From EP publication 0 444 297 A2, a device is known for controlling a flow
of metal from a casting vessel into a continuous casting mould for a steel
strand. A stopper, which may be lifted and lowered, cooperates with a
discharge nozzle. The stopper may be operated by means of a drive, e.g., a
piston/cylinder unit, under normal conditions and manually by means of an
articulated lever in an emergency. At the start of casting, the inflow of
metal may be controlled according to a preset program by means of a
computer and/or by means of a bath-level measuring device.
Besides computer-controlled casting programs, which may also include
closure of the discharge nozzle in the event of a strand break-out, it is
possible at any time to disconnect the hydraulic control system and,
through intervention at the articulated lever, take over manual control of
the casting operation both in the event of faults and in emergency
situations. Such faults may be mould overflows, stopper and/or discharge
nozzle wear, break-outs, Al.sub.2 O.sub.3 deposits, etc.
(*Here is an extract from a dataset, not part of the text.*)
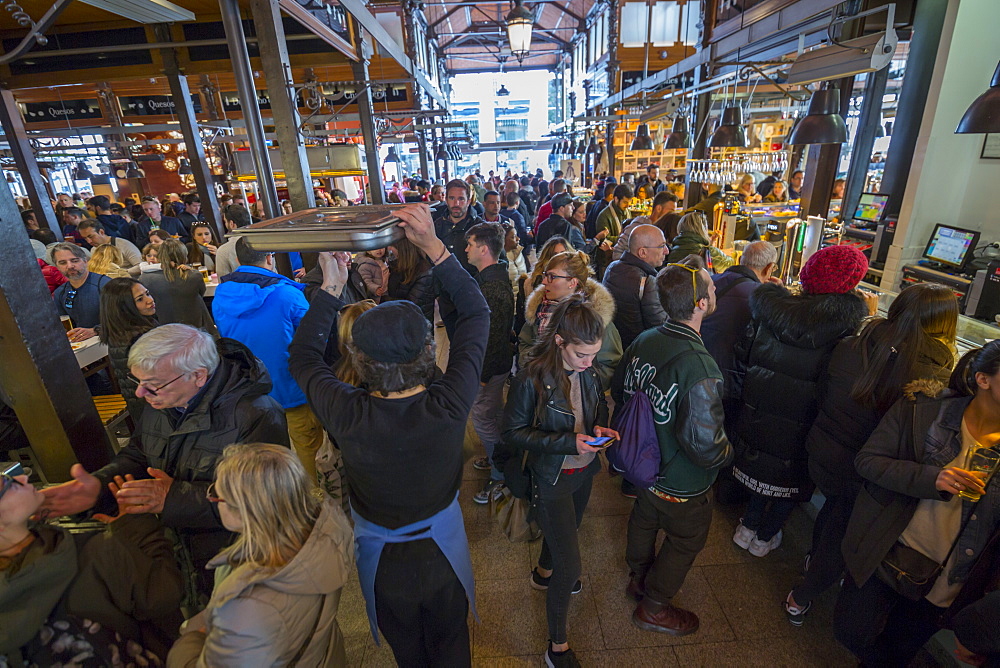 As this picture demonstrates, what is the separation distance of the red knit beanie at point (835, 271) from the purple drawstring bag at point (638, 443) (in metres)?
1.12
Manual filling of the mould at the start of casting by means of an
articulated lever prevents construction of a simple compact device.
SUMMARY OF THE INVENTION
The object of the invention is to provide a stopper control device which
overcomes the drawbacks described above and in particular abandons the
classic stopper-operating concept which provides for manual intervention
at a stopper control lever at start-up or in emergency situations. The
stopper control system is moreover to have a much higher control accuracy
and control speed in order further to improve the strand quality. Also,
for all types of faults which arise in practice, such as break-outs,
stopper wear, nozzle erosion, Al.sub.2 O.sub.3 deposits, etc., preset
running programs are to be usable automatically or via remote control. The
new stopper-operating concept is to cut labour costs during commissioning
and servicing, but also during casting itself.
According to the invention, this object is achieved by incorporating a
guide device and a motor for the stopper in a module box which is
releasably connectible to the casting vessel.
With the device according to the invention, a manual stopper operation by
means of the lever device is no longer possible. Each stopper movement is
transmitted to a computer-controlled or remote-controlled electric drive.
Impending faults are recognized in good time through acquisition of
corresponding parameters and suitably corrected by means of preset
programs. As a result of early recognition of impending faults the strand
quality, in particular the strand surface, may be improved. Dispensing
with all of the hydraulic drive and control elements simplifies both the
commissioning of the installation and the maintenance of the stopper
control device. It is also possible to reduce the number of casters and
increase safety. Dispensing with the provision of an articulated lever
also excludes all of the moments of inertia caused by the articulated
lever.
For discharge control, the stoppers are generally capable of being lifted
and lowered relative to the discharge nozzle. However, stoppers are also
known which effect discharge control by means of a rotational movement.
The guide device for a stopper which may be lifted and lowered comprise a
lifting rod and a guide.
The device for controlling the inflow of metal may be attached to each
casting vessel which is required to perform programmed or
remote-controlled casting operations. In order to reduce the number of
casters at a continuous casting installation, the device may be used for
intermediate vessels in multi-strand installations. Such intermediate
vessels have up to eight discharge nozzles, each with a stopper control
device.
In order to reduce the pollution, wear and susceptibility to faults of the
control device, it is additionally proposed that an air pressure above
atmospheric be provided in the module box.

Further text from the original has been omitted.